(Image-caption web data)
◇ ◇ ◇ ◇

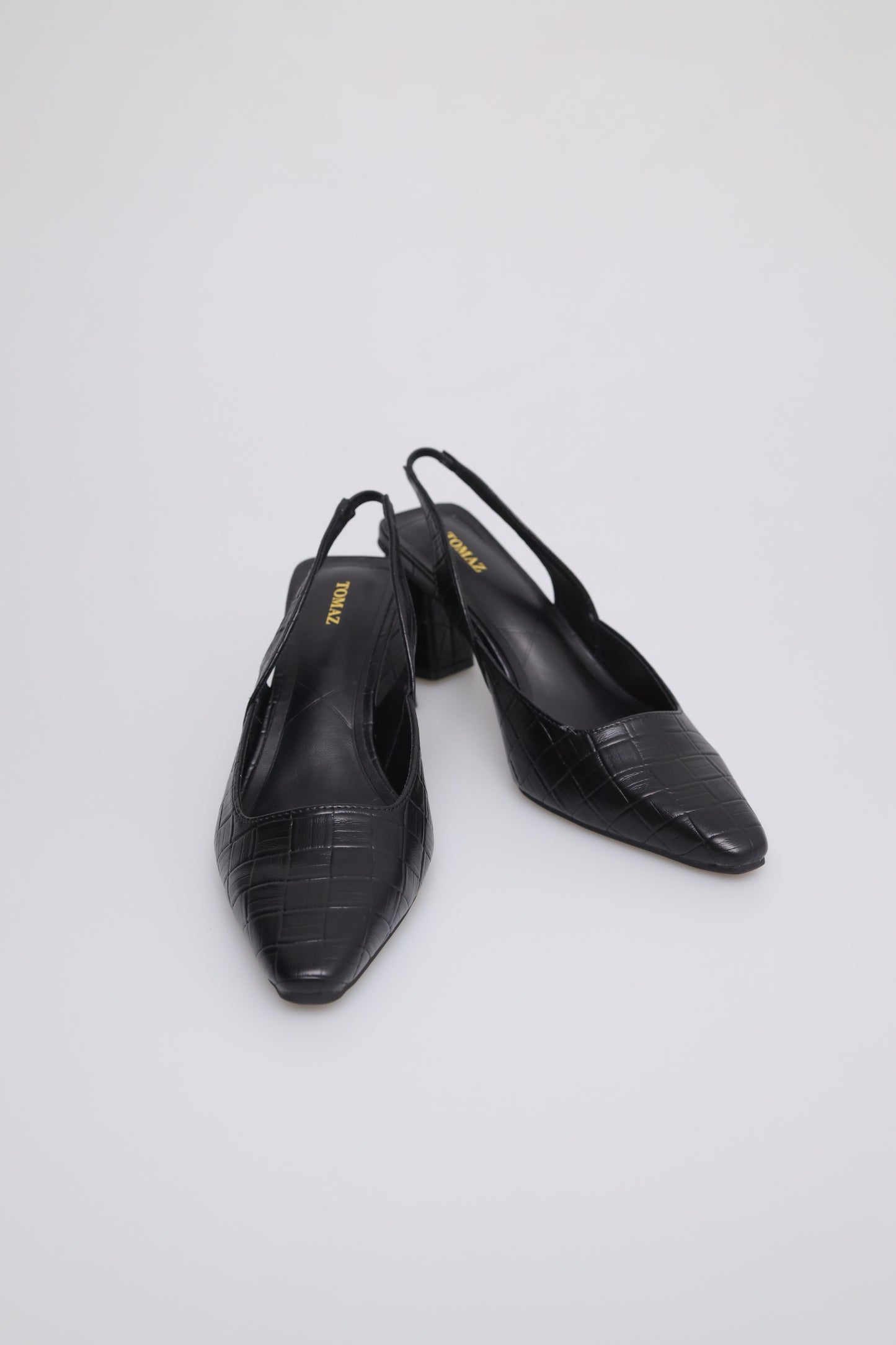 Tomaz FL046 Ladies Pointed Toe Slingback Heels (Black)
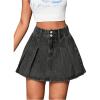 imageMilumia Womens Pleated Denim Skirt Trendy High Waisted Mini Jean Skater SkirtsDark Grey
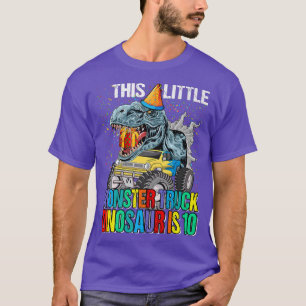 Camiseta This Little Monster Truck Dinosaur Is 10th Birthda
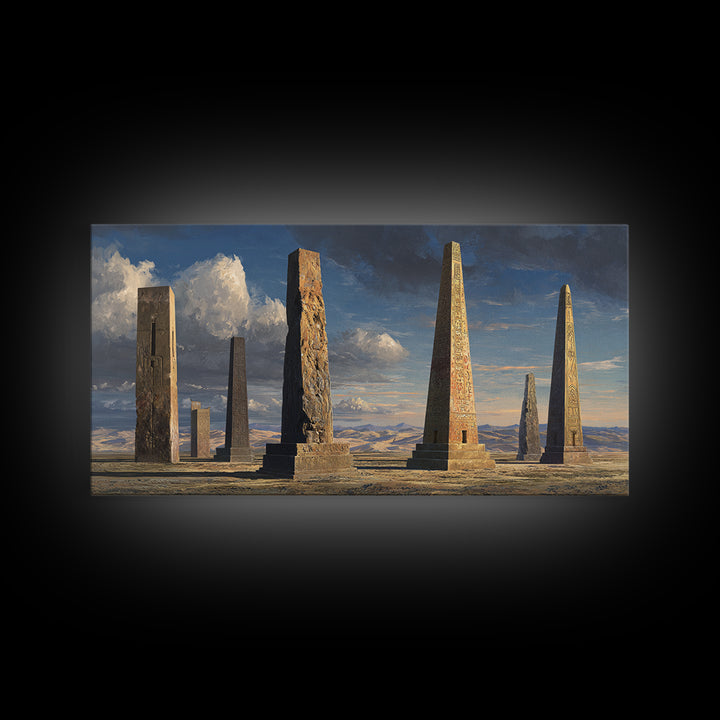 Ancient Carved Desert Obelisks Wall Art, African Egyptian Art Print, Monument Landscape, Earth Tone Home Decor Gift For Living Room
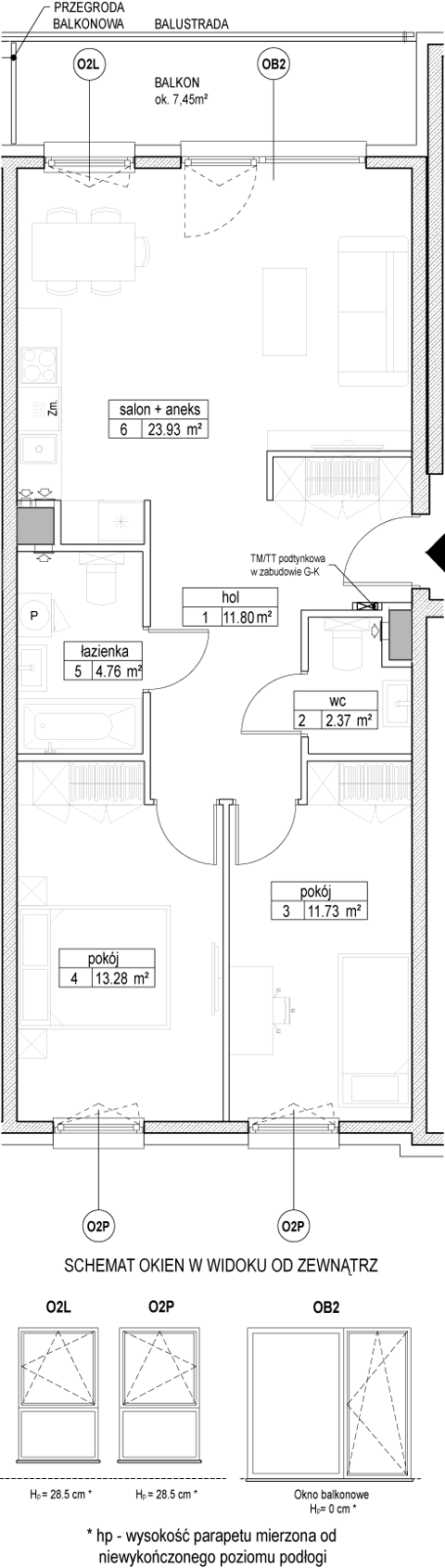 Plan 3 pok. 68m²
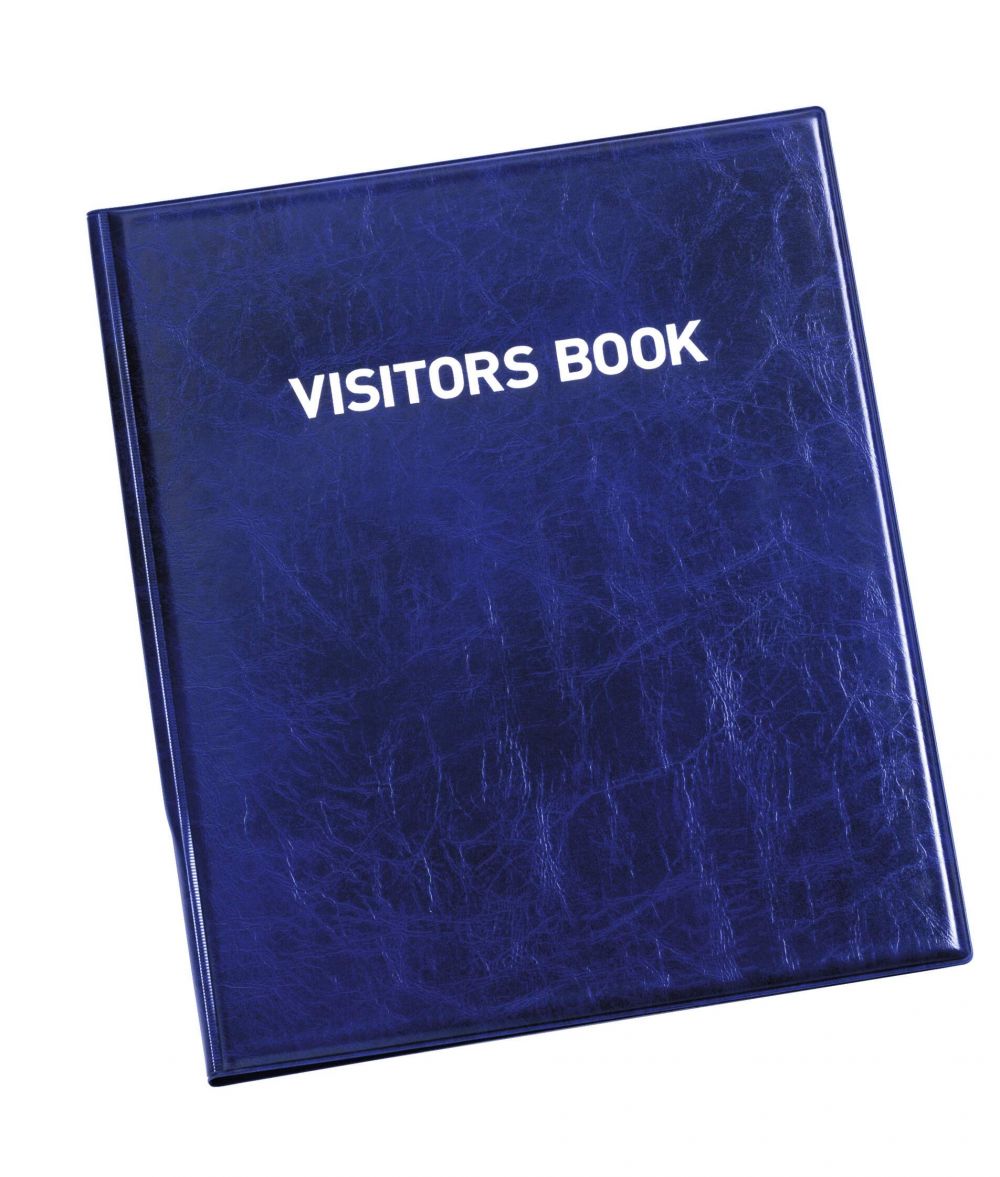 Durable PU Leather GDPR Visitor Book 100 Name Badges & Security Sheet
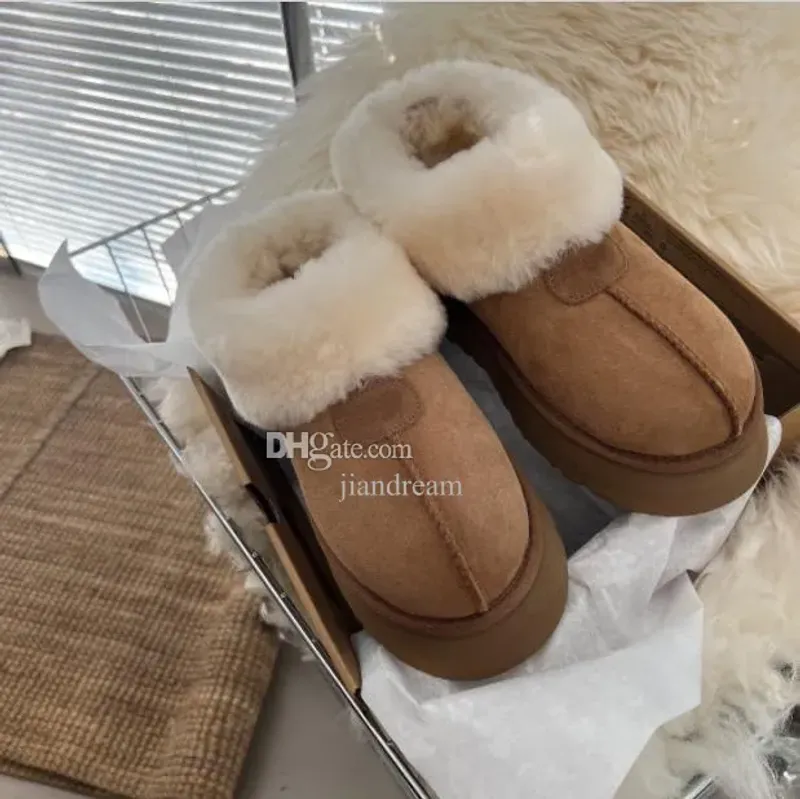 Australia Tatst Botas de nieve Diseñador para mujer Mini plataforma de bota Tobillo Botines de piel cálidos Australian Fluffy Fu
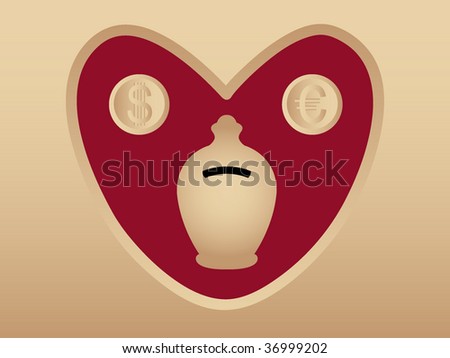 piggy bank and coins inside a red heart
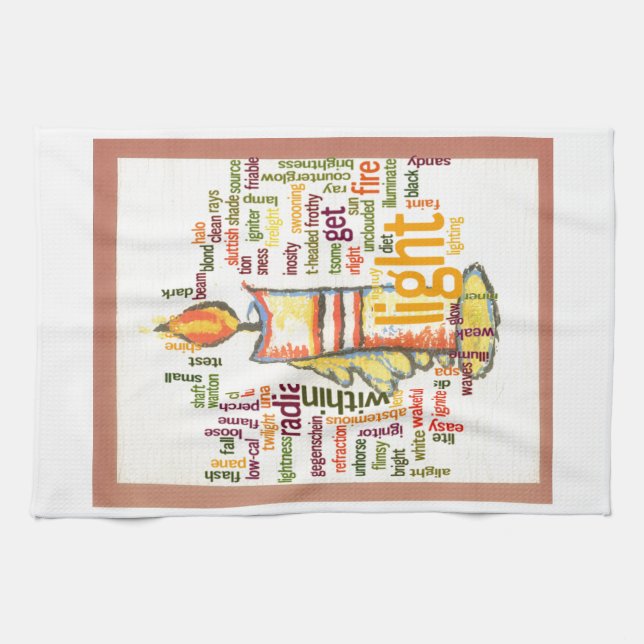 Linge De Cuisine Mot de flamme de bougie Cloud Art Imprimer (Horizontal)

◇ ◇ ◇ ◇

Your copy should hold each line above exactly and no pictures at all.

 Tomaz FL046 Ladies Pointed Toe Slingback Heels (Black)
 imageMilumia Womens Pleated Denim Skirt Trendy High Waisted Mini Jean Skater SkirtsDark Grey
 Camiseta This Little Monster Truck Dinosaur Is 10th Birthda
 Ancient Carved Desert Obelisks Wall Art, African Egyptian Art Print, Monument Landscape, Earth Tone Home Decor Gift For Living Room
 Plan 3 pok. 68m²
 Durable PU Leather GDPR Visitor Book 100 Name Badges & Security Sheet
 Australia Tatst Botas de nieve Diseñador para mujer Mini plataforma de bota Tobillo Botines de piel cálidos Australian Fluffy Fu
 piggy bank and coins inside a red heart
 Linge De Cuisine Mot de flamme de bougie Cloud Art Imprimer (Horizontal)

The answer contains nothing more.